Today was my first time back at service after a 3-week’s absence and how wonderful it
felt to be back worshipping and praying in our community!
As it is Remembrance Sunday, we spent some time reflecting on the sacrifice made by
so many so often to assure our freedom. This freedom from war and totalitarianism
that we enjoy in Canada was continued and expanded upon in Andrew’s sermon.
The text comes from our continuing study of the Gospel of Saint Mark – today was
chapter 5, 1-20 – the story of the Madman and Jesus’ healing. In our translation
the demon announces: “My name is Legion,” and in mine (The Message), it’s
rendered “My name is Mob. I’m a rioting mob.” This illustrates one of the reasons
that I really like The Message translation – it sounds much more immediate to my
As Andrew pointed out, this story is really all about Jesus and His power to heal, but
the other characters in the story are instructive as the reader (or at least this reader)
relates to them more easily.
I am not admitting here to multiple personality disorder, but there have been times
when I have felt like there is a rioting mob within – conflicting values, pressures,
priorities, etc. The resolution to these feelings is, of course, prayer and faith in
the healing power of Christ in our lives. Perhaps not as directly as the Madman
experienced, but the power of the everlasting means exactly this.
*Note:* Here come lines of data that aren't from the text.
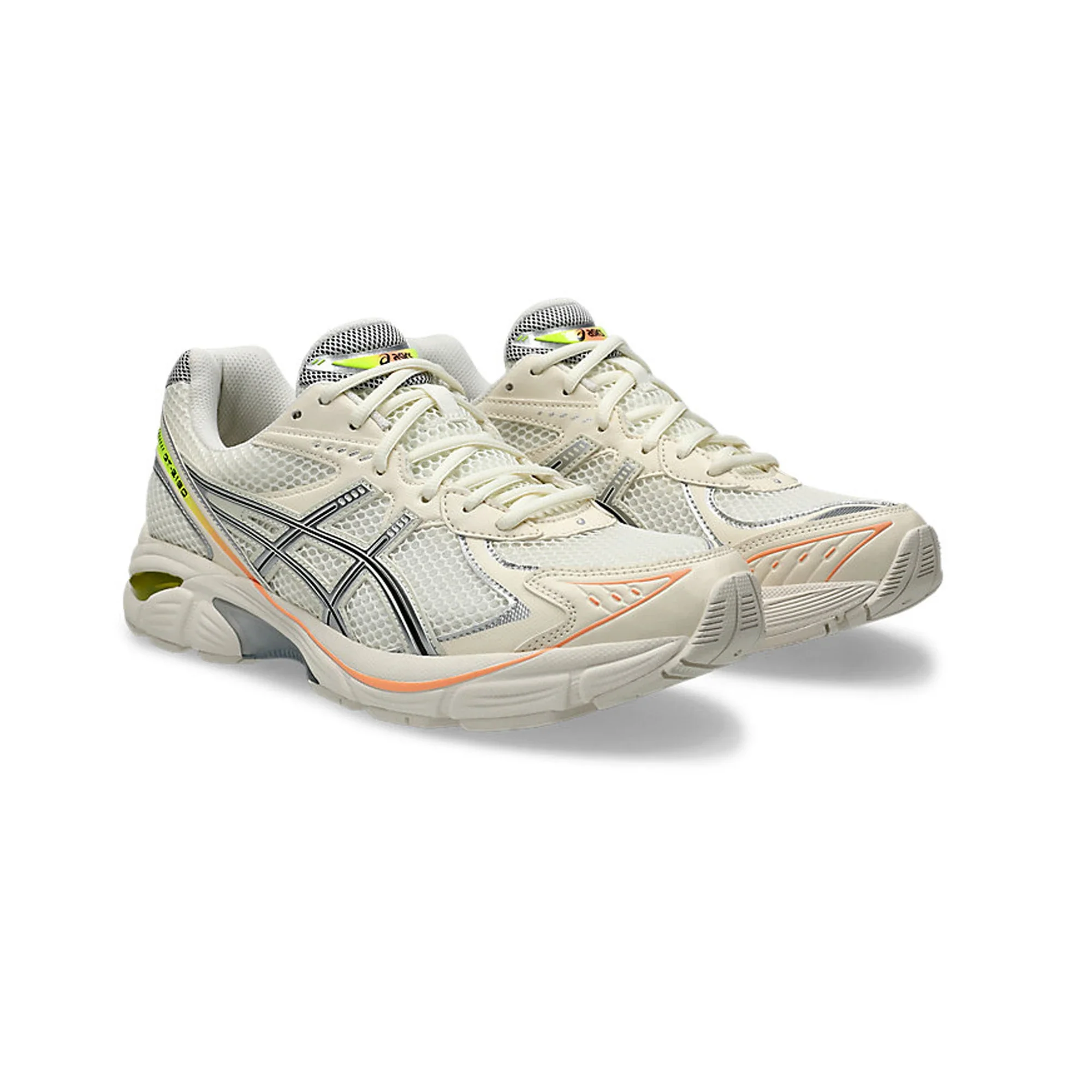 ASICS GT-2160 'Paris' (2024) - Image 2
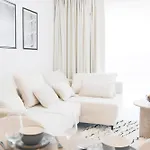 Apartament Westin House Premium By Ms Pro *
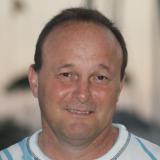 Photo de profil de Dominique Teulié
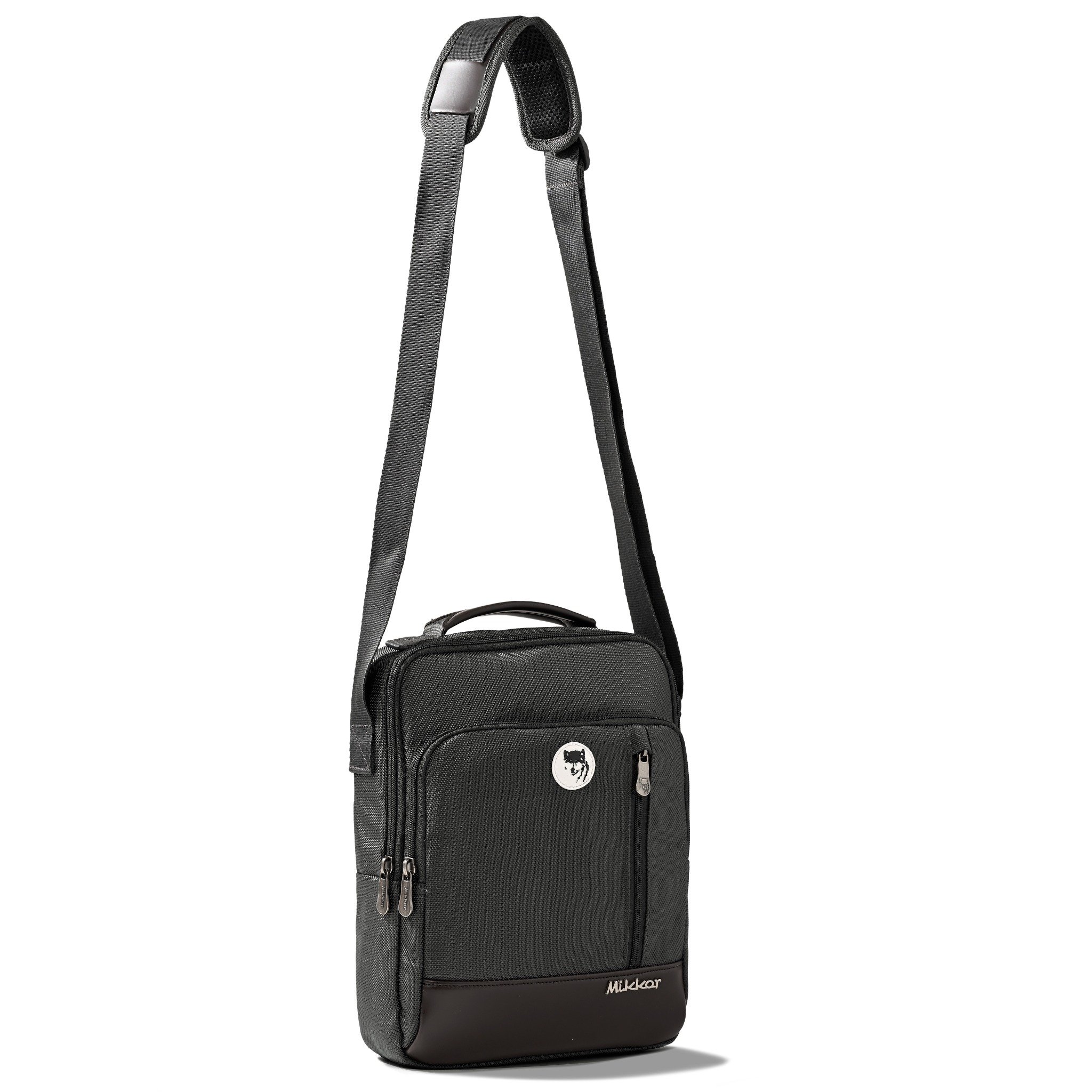 Túi Đeo MIKKOR The Ralph Sling Premier - Hàng Chính Hãng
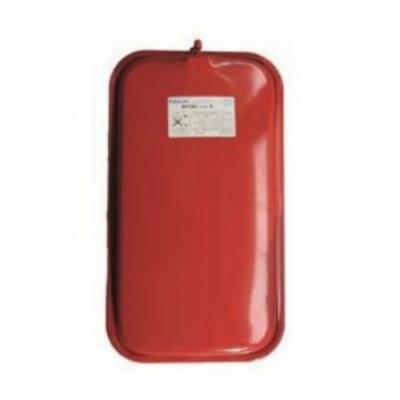 Viessman Vitopend 200 Kombi Genleşme Tankı 1/2 7 Lt.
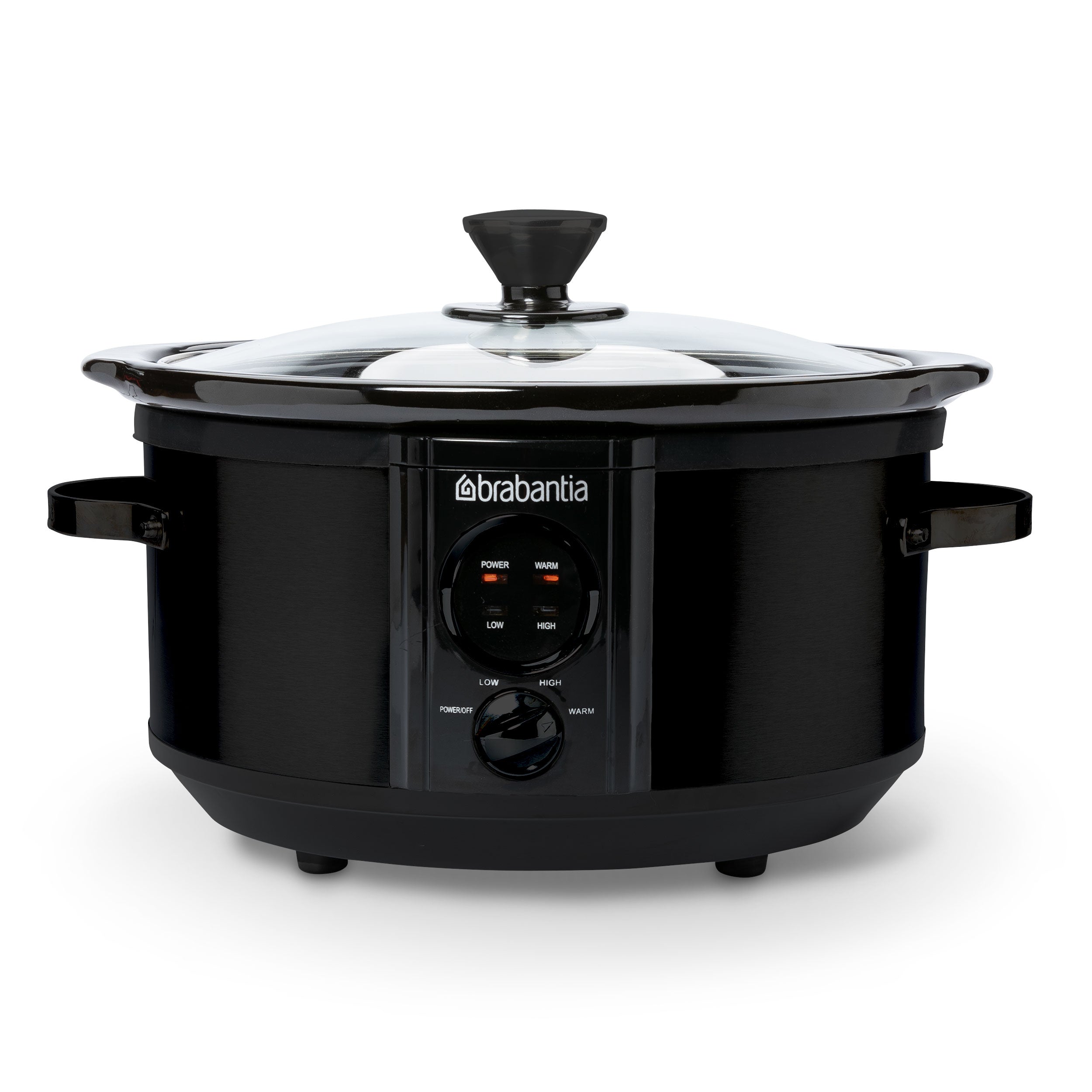 Mijoteuse Brabantia - BBEK1081MB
The other characters in the story are the farmers tending the pigs. When the demons
inhabit the pigs, freeing the Madman, they die, thus depriving the farmers of their
livelihood, or at least a part thereof. They react, to my mind, logically – they are angry
with Jesus and demand that He leave. They are afraid – of loss, of a terribly strange
occurrence, and perhaps most keenly, of having to adjust to the healed person “no
longer a walking madhouse of a man.”
The challenge that this story leaves with the reader is two-fold – how do we, after
having experienced the healing power of Christ, go forward; and how do others, in
the wake of changed circumstances, adjust. The answer in Mark is that the madman
preached and became “the talk of the town.” Mark does not provide an answer to
how the community reacted, but perhaps the answer is in Andrew’s exhortation to
generosity in all ways that we can.
It was a great day for me to return to service and I hope to work through the response
demanded by this story in the coming week.